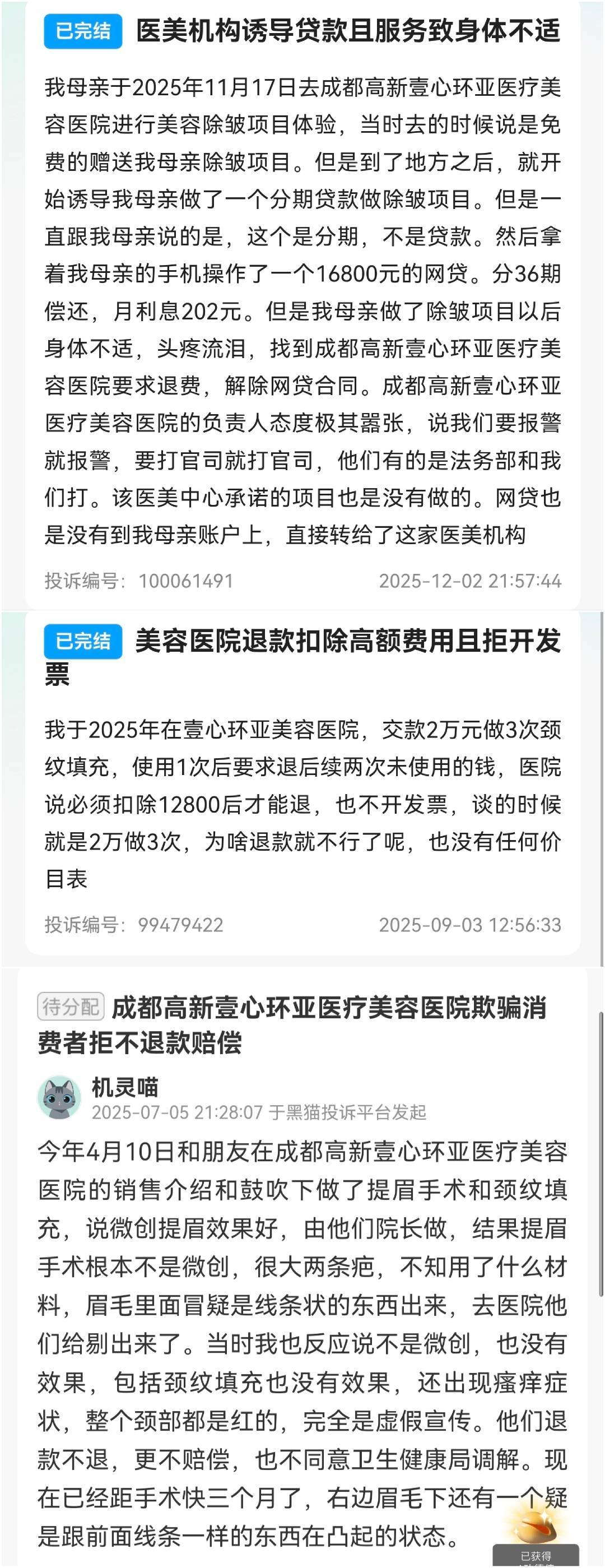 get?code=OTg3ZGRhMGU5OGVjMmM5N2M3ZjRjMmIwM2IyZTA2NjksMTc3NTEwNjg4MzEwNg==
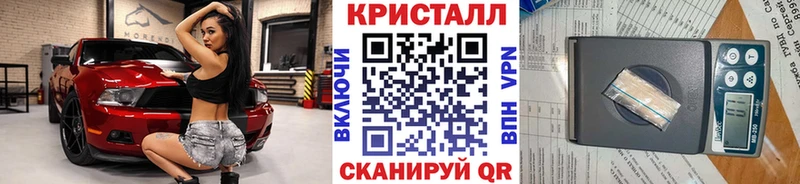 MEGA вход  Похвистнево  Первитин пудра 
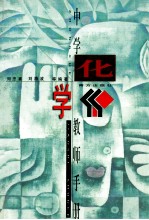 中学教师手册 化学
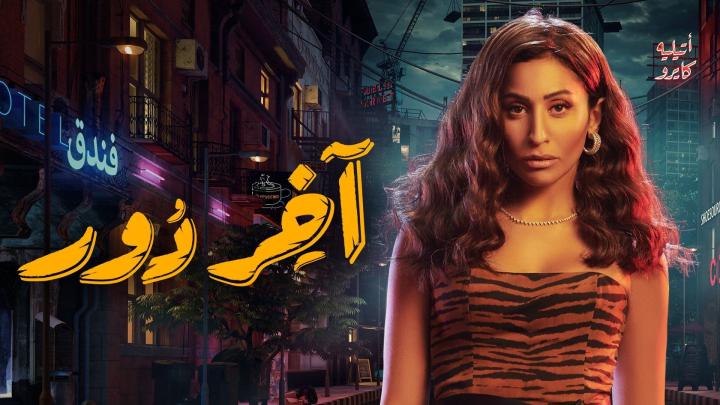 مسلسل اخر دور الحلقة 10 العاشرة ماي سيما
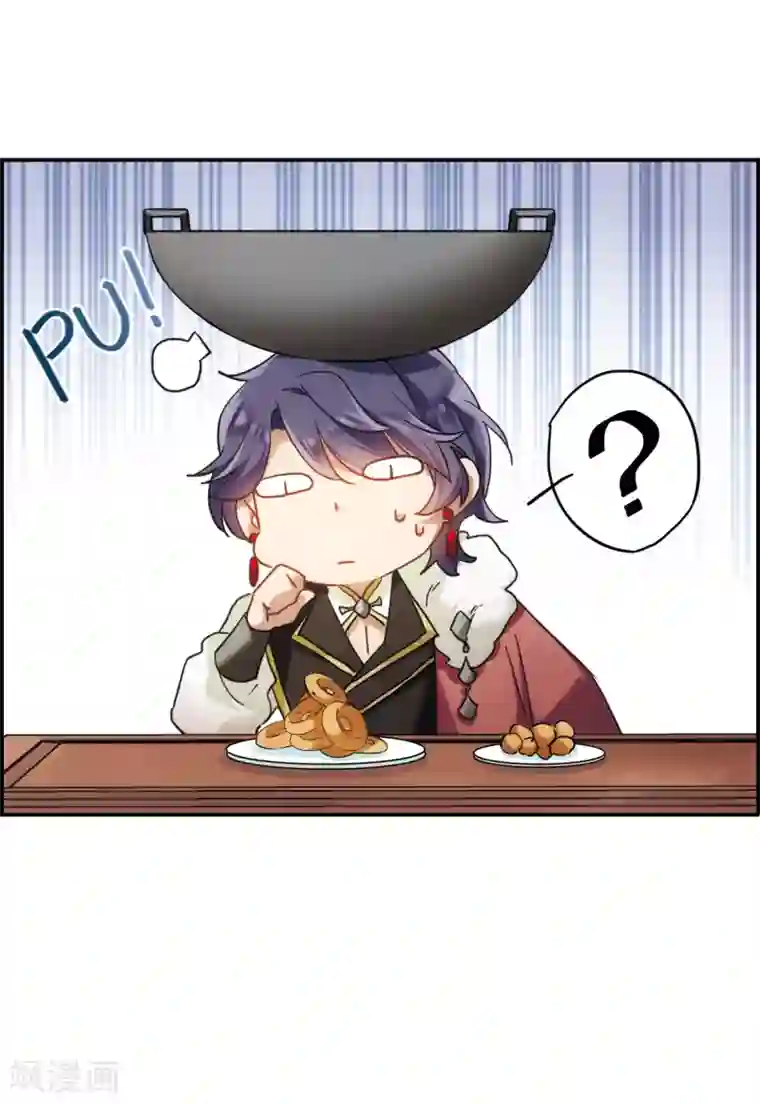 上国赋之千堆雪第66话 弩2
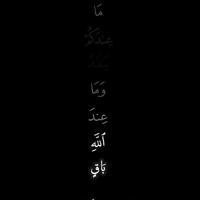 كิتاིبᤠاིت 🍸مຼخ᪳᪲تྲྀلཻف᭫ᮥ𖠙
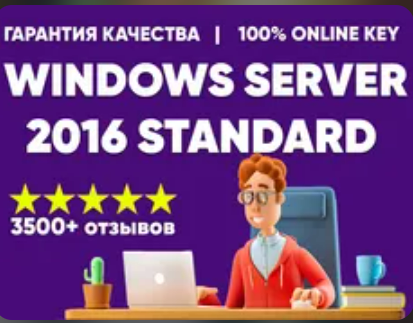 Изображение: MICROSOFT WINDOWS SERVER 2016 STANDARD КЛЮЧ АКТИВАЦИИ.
------------------------------------
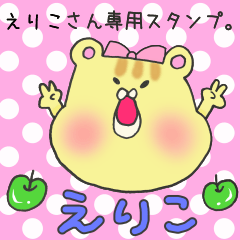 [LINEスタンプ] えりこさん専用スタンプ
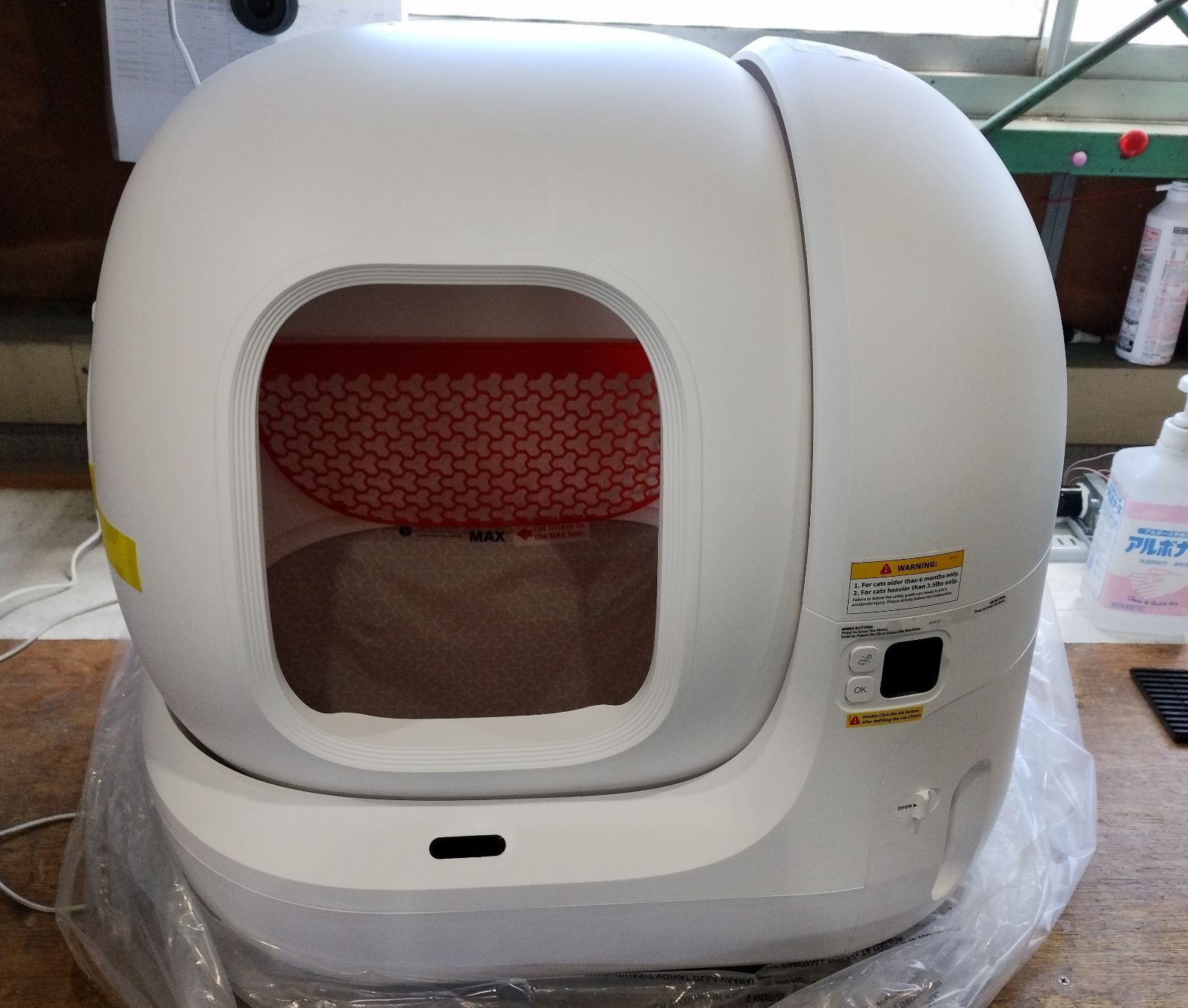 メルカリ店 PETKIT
------------------------------------
_What is being asked_. From the records above, transcribe exactly the lines starting at the one containing "مسلسل اخر دور الحلقة 10 العاشرة ماي سيما" and ending at the one containing "Изображение: MICROSOFT WINDOWS". Skip the pictures.

_Result for this task_.
 مسلسل اخر دور الحلقة 10 العاشرة ماي سيما
 上国赋之千堆雪第66话 弩2
 كิتاིبᤠاིت 🍸مຼخ᪳᪲تྲྀلཻف᭫ᮥ𖠙
 Изображение: MICROSOFT WINDOWS SERVER 2016 STANDARD КЛЮЧ АКТИВАЦИИ.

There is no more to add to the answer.